ファッションディレクターの青柳光則さんに、ビジネスシーンにふさわしいエグゼクティブのスーツの着こなしを提案してもらった。1回目は、上質の代名詞Ermenegildo Zegnaを取り上げる。
美紺のスーツが、若々しさと行動力をアピールする
新年度は、異動や組織変更にともなう担当者交替など社内外が慌ただしい。新たに担当となったクライアントへの挨拶まわりは、できるだけ早めにして取引先との良好な関係を築きたいものだ。先方も新しい担当者がどんな人物か、さぞや気がかりなことだろう。
客先を訪問する際には前任者が築き上げた関係を引き継ぎながら、イメージを刷新することで自身をアピールしたい。前任が自分の上司だったならば、行動力にあふれる若々しい印象を携えていきたい。しかし、たんにフレッシュなだけでは却って頼りない印象を与えかねない。
そこで頼りになるのが、Ermenegildo Zegna(エルメネジルド ゼニア)の一着。スーツに明るめのネイビーを取り入れる。若さを印象づけるためには鮮やかな紺色が適しているからだ。

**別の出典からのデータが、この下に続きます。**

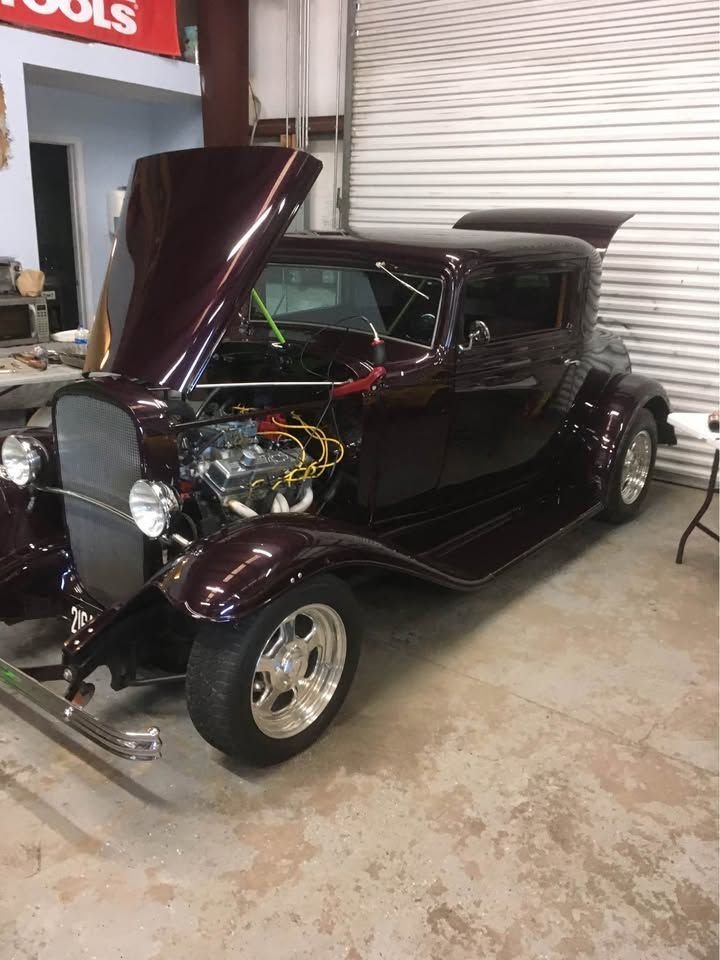 1932 Chevrolet Hot Rod, foto 4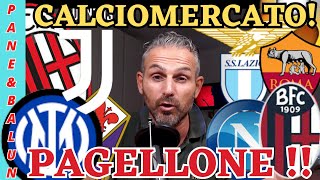 😱CALCIOMERCATO❗💥📜IL PAGELLONE del Naic❗❗❗😱👀CHI HA DELUSO🤨CHI HA MIGLIORATO⛔E CHI INVECE HA ⚽📜 [upl. by Shirl]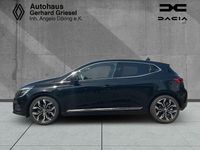 Gebraucht Renault Clio V Techno 91 PS (66 kW) 2023 Schwarz Limousine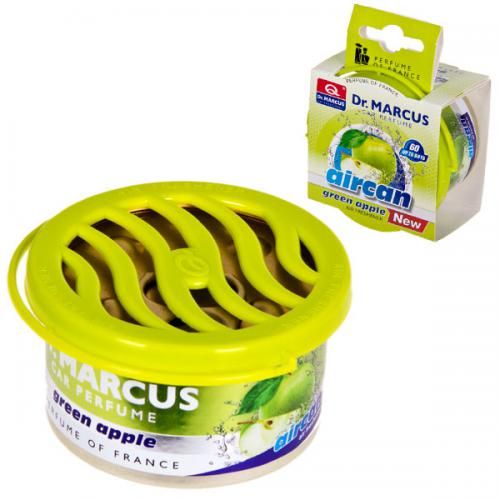 Освежитель воздуха Demarks AIRCAN Green Apple 40g (414)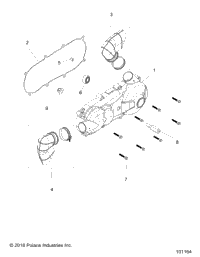 2020 ACE 150 EFI MD WHITE (A20HAB15N2)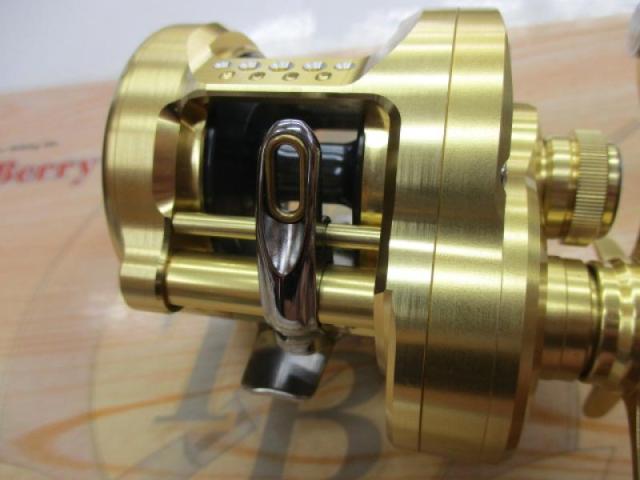 23カルカッタコンクエストMD 301XGLH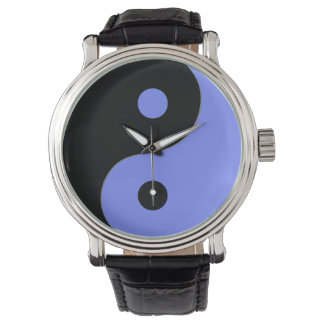 Reloj De Pulsera Símbolo Yin Yang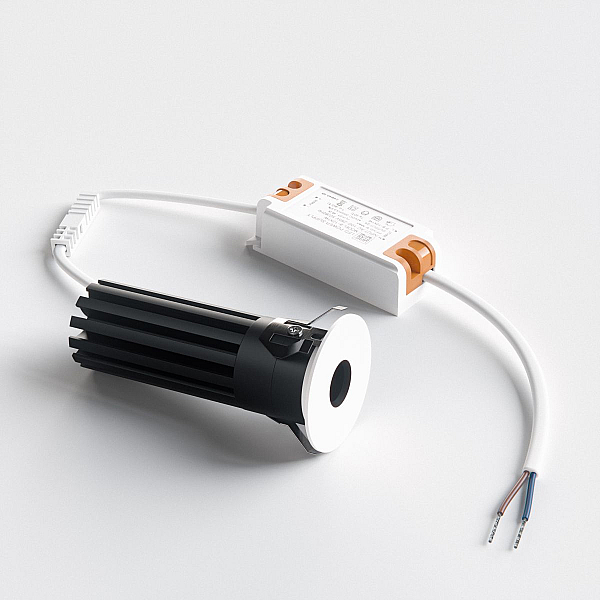Светильник светодиодный встраиваемый Spira Slim Lightstar 074336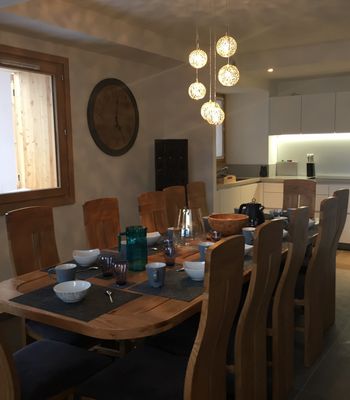 Chalet · Saint-Martin-de-Belleville - Photo 5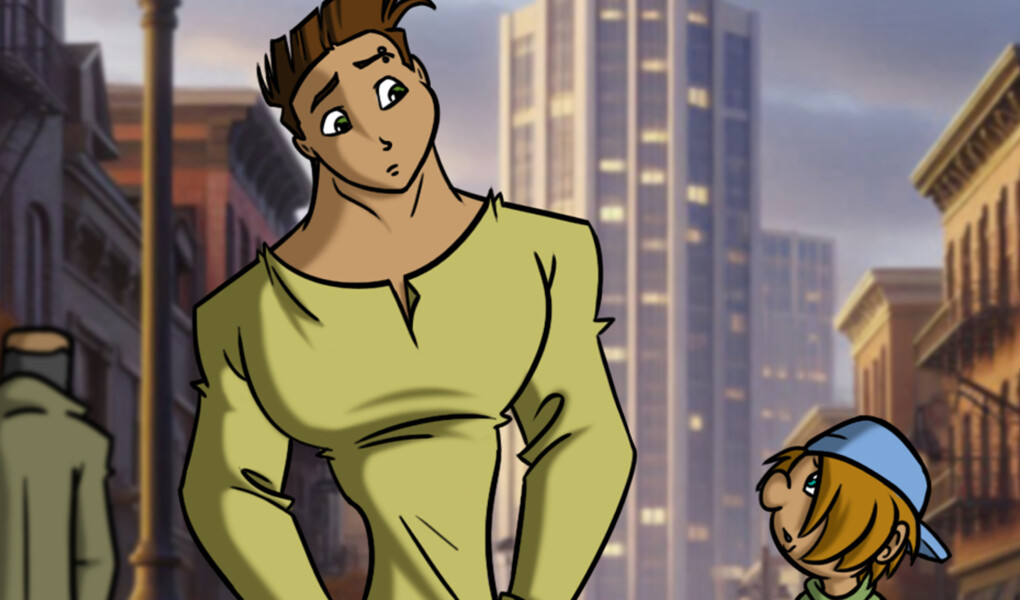 Mes papas & moi : Au fil des ans S4 E13 : Un mensonge qui coûte cher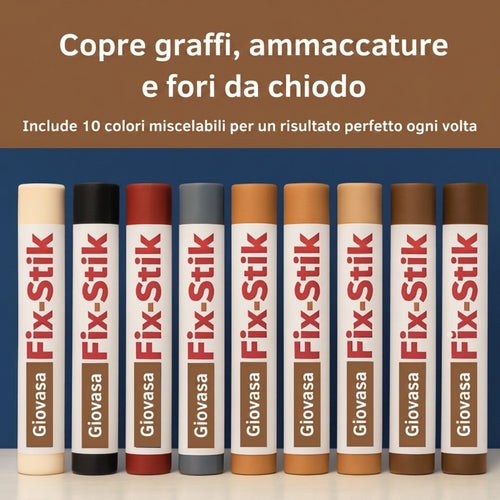 FixStik Giovasa riparazione legno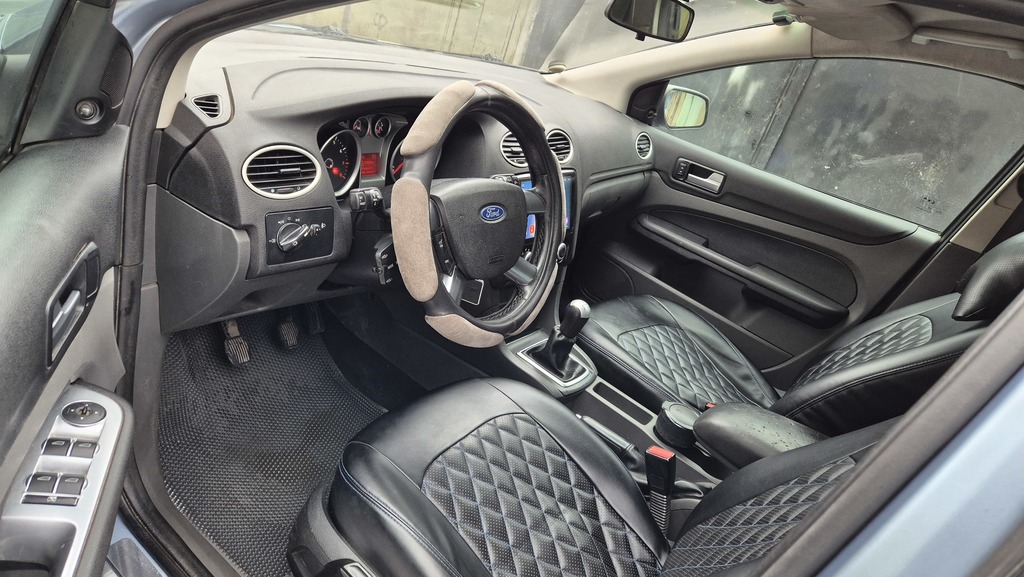 Ford Focus II, 2006 год, 310 000 рублей, 16 фотография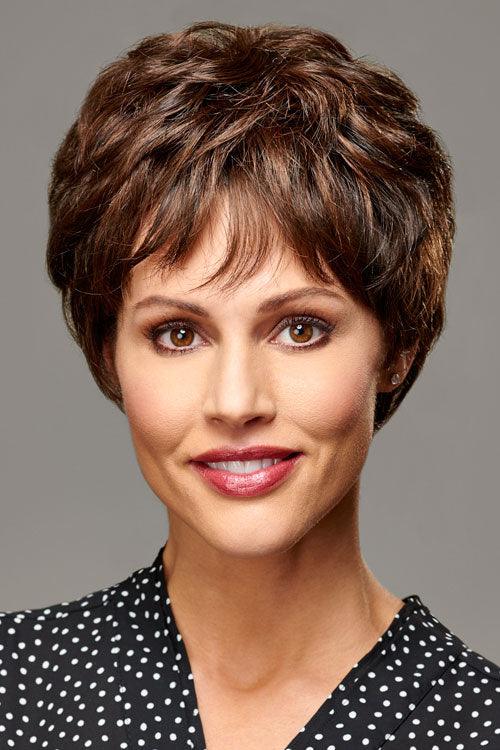 Trish Wig by Henry Margu | Human Hair (Lace Front Mono Top) - Ultimate Looks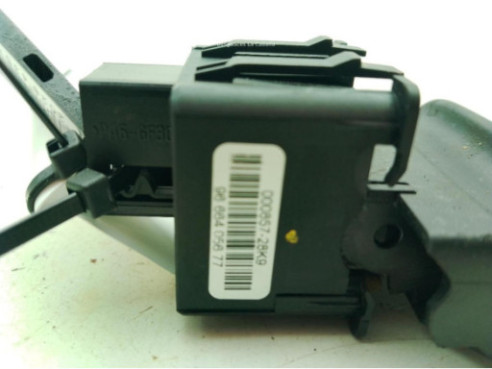 9666405677 INTERRUPTOR FRENO MANO ELECTRICO PEUGEOT 5008|Desguaces La Cabaña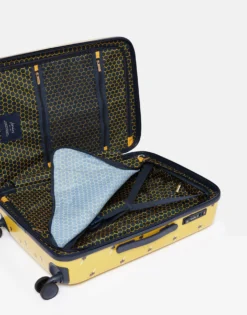 Joules Botanical Bee 4-Wheel Cabin Case -IT Luggage Sales Shop JLH0103 101 Joules Botanical Bee Cabin Case Internal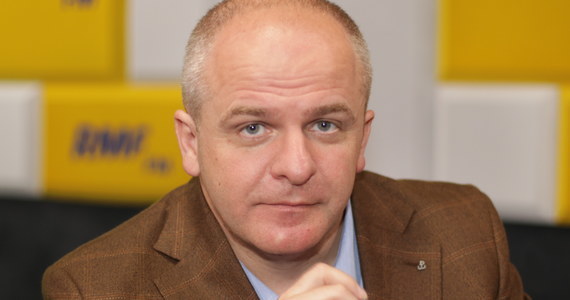 Paweł Kowal /RMF FM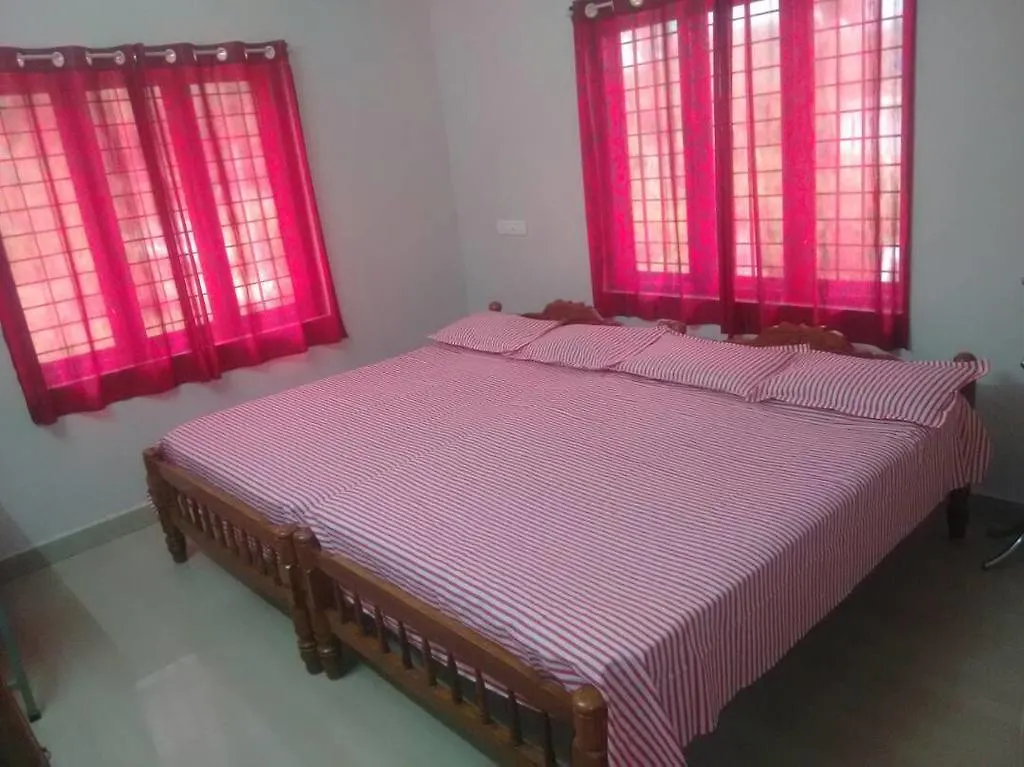 Guest house Thekkekara Tourist Home Vagamon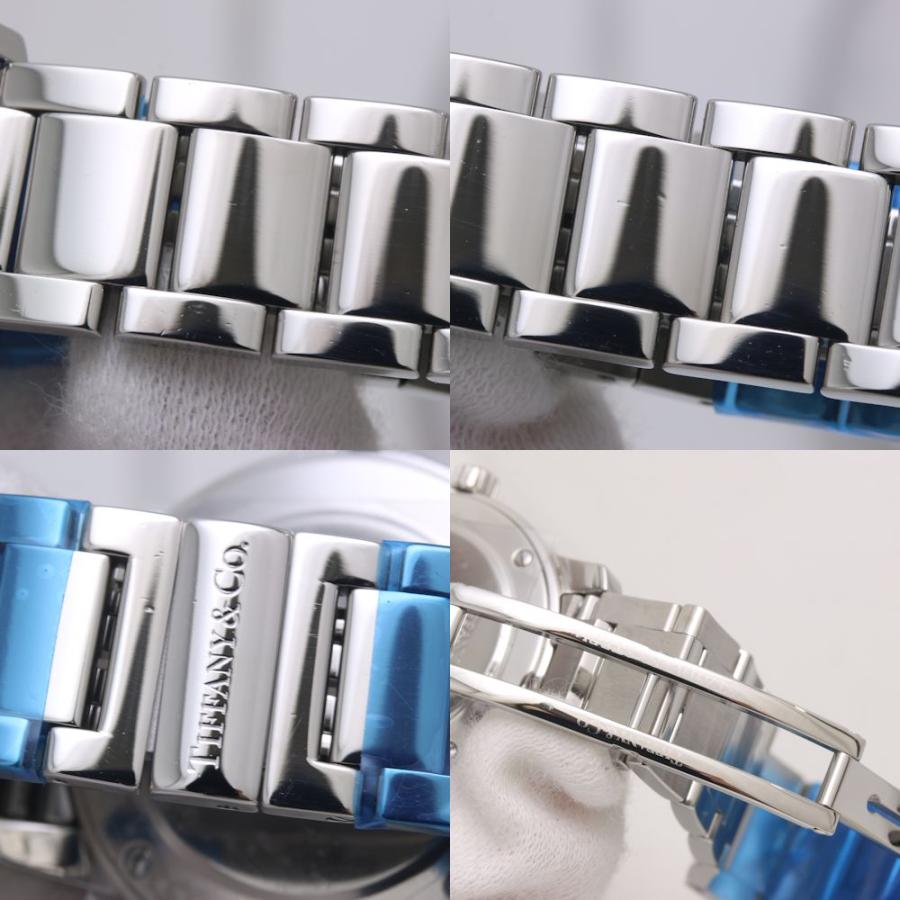 TIFFANY&Co. ティファニー アトラス 2-ハンド 63452807 29mm【正規店  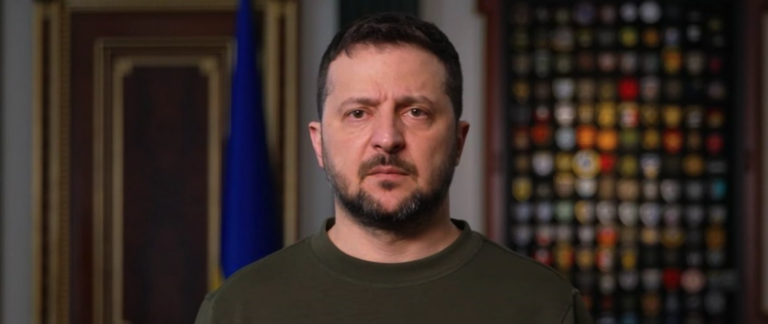 Звернення Президента України з нагоди Дня Героїв Небесної Сотні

濃色のネイビースーツは、慎重で腰も重そうな印象に見えるため、どこか重役然とした風情が漂うものだが、明るいネイビーならフットワークも軽快で、親しみやすい人物を演出できる。
エルメネジルド ゼニアは、自社で既製スーツも手がけるラグジュアリーメゾンであると同時に、紳士服生地メーカーとしての世界シェアの約3割を誇るといわれるビッグメゾン。生地の色柄には絶対の自信があり、時代感をも捉えたコレクションをそろえている。
とくに色出しの妙は格別で、同じ紺でも2つと同じものはなく、次のシーズンにはまた新たな紺色を登場させることができるほど、開発力に優れている。今季も美紺のコレクションが豊富にそろっており、着用して行けばきっとクライアントにも好印象を与えることができるだろう。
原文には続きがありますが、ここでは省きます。